Study on the influence of variable temperature growth on the properties of highly strained InGaAs/GaAs MQWs grown by MOCVD

Abstract

The InGaAs/GaAs multiple quantum wells (MQWs) have played an important role in the epitaxial structure of semiconductor laser, solar cell, detector and so on. However, the preparation of high-quality InGaAs/GaAs MQWs with high indium content has always been a research problem. In this paper, five periods InGaAs/GaAs MQWs were obtained with two methods by metal-organic chemical vapor deposition (MOCVD): constant and variable temperature growth methods, respectively. Our systematic theoretical and experimental studies indicated that there were wedding cake-like stacked steps on the surface of constant temperature sample, revealing an inhomogeneous distribution of layer thickness and indium content. Such interface fluctuations were manifested as two peaks in the photoluminescence (PL) spectra at low temperature, which were confirmed by theoretical fitting as the localized states emission (LE) peak and the free-carrier emission (FE) peak, respectively.
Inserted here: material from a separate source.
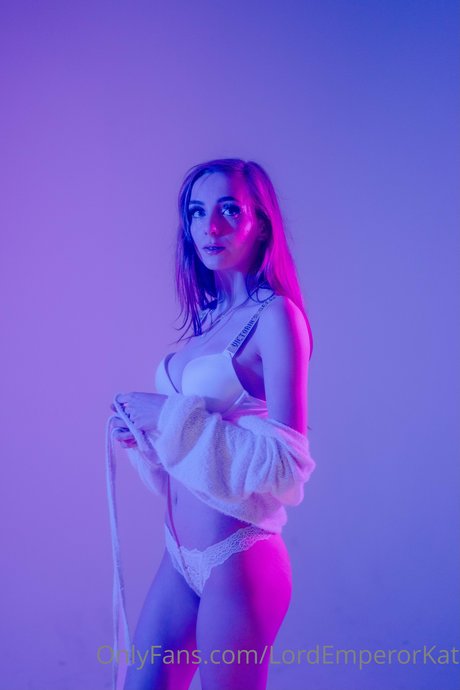 Kat ONLINE NOW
For variable temperature sample, the change in the growth temperature of the barrier and well layers in each period could transform the morphology to a step-flow-mode surface, thus eliminating the localized states in MQWs. It could be seen that the variable temperature growth method was superior to the constant temperature method, the surface morphology, optical characteristics and crystal quality were all improved. This study will provide technical support for optimizing the device performance of InGaAs/GaAs MQWs with high indium content.